I started leaving a leather headcollar on him in the field and if he did run off I would turn my back on him and just stand still no eye contact, he would then walk over on his own accord and be caught, I agree the snorting in the stable is from him running in on his own, but do the same if he turns away in the stable, don't look at him turn your back and wait.
My gelding also does not like going through his stable door with tack on, so he will stop before going in, I just wait stand still but no eye contact and he will walk in after a few seconds, if you try and force him he will charge through the door. Good luck just remember no eye contact when the horse approaches you.


----------



## traceyann (2 August 2011)

One of mine is like this he lets me go up to him do anything soon as he see headcollar again he of  so i slip leadrope round his neck first without him noticeing. then i put headcollar on .


----------



## soulfull (3 August 2011)

This time of year it happens a lot

Seems to be they go slightly feral, in that they prefer to be in the pack and we are no longer the respected leader as they spend too much time in the herd

With a horse like this I would do what ever it takes (good advice already given!!) to catch him EVERY day and keep him away from the others for a few hours to restore the status quo in your relationship


----------



## jessyickle (8 August 2011)

Hello,

thankyou to everyone who has given me some great advice. After i posted this message I went straight into the field and ignored him, sat in the barrow and listened to my music for 5 hours!!! he came up to sniff me in the end and as soon as i moved as foot to sit up he was off. I then made a small paddock and made him run until he gave in (as mentioned) which was ace, i caught him 5 hours after i entered the field! gradually he got better each day but i still had to do the same routine. HOWEVER he has now learnt to avoid being caught by jumping the fencing - back to square one. This has been going on for months so all the usual - leaving him out, leaving a headcollar on, bringing all the others in doesn't work!
i'm at my witts end now, back to square one!!!

xx


----------



## littlemisslauren (8 August 2011)

How good is his grazing? We have a non catcher and luckily he puts weight on when he looks at grass so we can keep him in the small bald paddock. They tend to catch better when they are hungry!


----------



## daisybe33 (9 August 2011)

I have a very similar problem - pony goes through fencing to get away :0(

It's a nightmare and I'm really at my wits end, tried all of the above and he resorts back to square 1 whenever he feels like it. It doesn't help that my lad is not food orientated at all or clingy to others.


----------



## Enfys (9 August 2011)

Very frustrating, you'll have lots more suggestions and experiences I am sure.

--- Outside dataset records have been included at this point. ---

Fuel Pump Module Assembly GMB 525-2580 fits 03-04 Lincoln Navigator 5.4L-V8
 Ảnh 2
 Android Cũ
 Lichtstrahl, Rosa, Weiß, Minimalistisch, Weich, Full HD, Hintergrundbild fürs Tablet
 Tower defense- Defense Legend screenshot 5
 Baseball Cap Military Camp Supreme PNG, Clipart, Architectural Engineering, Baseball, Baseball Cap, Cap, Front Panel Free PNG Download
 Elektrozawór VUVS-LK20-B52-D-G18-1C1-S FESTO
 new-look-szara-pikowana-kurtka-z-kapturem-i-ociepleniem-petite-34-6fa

If it was one of mine then he'd be in a small dirt paddock or even a round pen and there he'd stay, with a halter _and_ long rope on if necessary, exactly the same as I'd do with a wild or unhandled horse until it decided that being caught/handled was the way to go. Not politically correct of course, but a better option than an owner getting so fed up that the auction stockyard is the next stop.

I know plenty of people who would hobble him as well (also not PC in the UK. Hobbling doesn't work so well after a time because they figure out how to run)


----------



## jenniejester1 (11 August 2011)

Yes, my horse will go through short periods of playing up when being caught and I find the chasing away trick works every time.  I think because it mirrors herd instinct:  When a new horse comes into a herd, the lead mare chases it away and that makes it want to come back to the herd even more.

I didn't believe it would work, but it does and it only takes a matter of minutes.

Horses are very strange creatures !


----------



## alithirdtimelucky (27 March 2020)

i know this is a very old discussion, but was looking for some inspiration with my boy that has decided after 5 months that he doesnt want to be caught.  glad to read that my sending him away and making him work is the way forward.  he gets to sweaty that when I get him in the stable i have to wash him down, which he also doesn't like, but i am winning the "battle"  he also doesn't like his belly/sheath area being touched but has had a washdown with a large sponge.  and we still have a stable roof!  we are so blessed.


----------